Some 1,800 Roma were expelled from France over the summer. At the beginning of October, the country’s Immigration Ministry introduced a fingerprinting system to prevent the deportees from returning. When the European Parliament strongly criticized the Italian prime minister for doing the same in 2008, Berlusconi backed down—but without rescinding the emergency laws behind the measures. A number of European Union member states have signed readmission agreements with eastern European nations allowing them to expel thousands of Roma, together with their children born in western Europe. The measures are part of wide-ranging, border-tightening policies across Europe, including caps and quotas, fines, biometric identification cards and, in Italy, a freeze on work permits. “Short of building walls,” says Oliviero Forti, immigration director for Caritas Internationalis in Rome, “immigration policy in Italy could hardly be more restrictive.”

But it is the actions against the Roma that suggest the return of old European ghosts. Among the most enthusiastic initiatives are those in Milan, where the city’s largest Roma camp, Troboniano, is being bulldozed, along with dozens of small, impromptu settlements. The sgomberi, or demolitions, are proving popular. Many Milanese are convinced that the 1,300 Roma (in a city of four million) are the source of the city’s problems. “Our final goal is to have zero gypsy camps in Milan,” enthuses Riccardo Di Corato, the city’s vice mayor.

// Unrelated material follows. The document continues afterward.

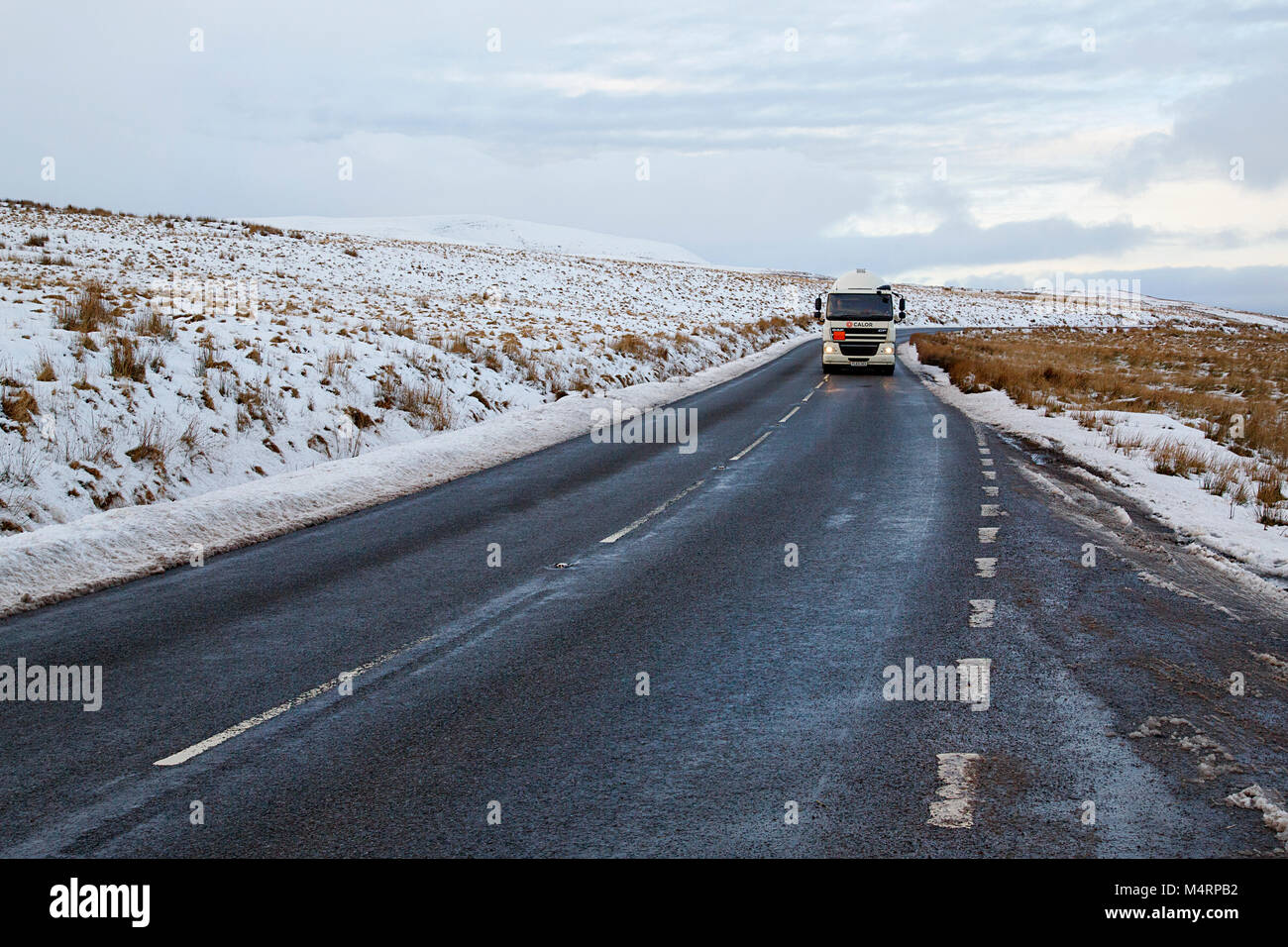 Brecon Beacons, UK: December 28, 2017: A Daf tanker truck drives on the A4059 in winter snow and ice conditions transporting Calor butane gas. Stock Photo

The Roma, or Gypsies, are Europe’s largest and oldest minority, numbering perhaps 10 million, many of them migrants from the Balkans. Although famously mobile, moving around the edges of European towns in ramshackle caravans, most are in reality sedentary but kept separate by proud adherence to their language and culture. In the past 20 years, their numbers have swollen by the arrival of a stream of refugees from Croatia, Bosnia and Kosovo. The stream became a river after January 2007, when Romania became part of the European Union, and Roma joined hundreds of thousands of migrants moving from eastern to western Europe.

Italy was unprepared for the influx. In Rome the newcomers were segregated in informal camps and began to appear on the streets, begging or selling. The mood against them turned ugly. When a Roma was accused of murdering a naval captain in November 2007, Walter Veltroni, the mayor of Rome and a former Communist, ordered the demolition of the city’s camps, pushing through emergency laws that justified expulsion of foreigners as a security measure. The Veltroni measures provided the template for Berlusconi’s sicurezza (security) anti-immigration policies, which contributed to his landslide victory in the 2008 election. Church critics of those policies are dismissed as cattocommunisti (Catholic Communists).

When President Nicolas Sarkozy of France followed Italy’s lead in July by deporting Roma to Bulgaria and Romania, he was sharply criticized by the Pontifical Council for the Pastoral Care of Migrants and Itinerant People. “One cannot generalize and take an entire group of people and kick them out,” Archbishop Agostino Marchetto, the council’s secretary, said. The European Commission charged that France was illegally singling out a group of immigrants on the basis of ethnicity. After an internal government memo ordering the dismantling of settlements was leaked to the press, the European Union’s justice commissioner, Viviane Reding, infuriated Sarkozy by likening the expulsions to Nazi deportations. The commission has since dropped its claim after France promised to amend its laws.

Both France and Italy have used levels of unemployment and crime in Roma settlements to justify the demolitions and expulsions. Yet the existence of the camps owes much to policies in those countries that ghettoize the Roma rather than integrate them, unlike Spain, which has pursued policies of education, health and lodging for the estimated 500,000 Roma there. As long as western European anxieties increase over jobs, crime and immigration, the Roma—visible, dark-skinned, living on the edges of cities—will continue to offer an easy target for populist politicians.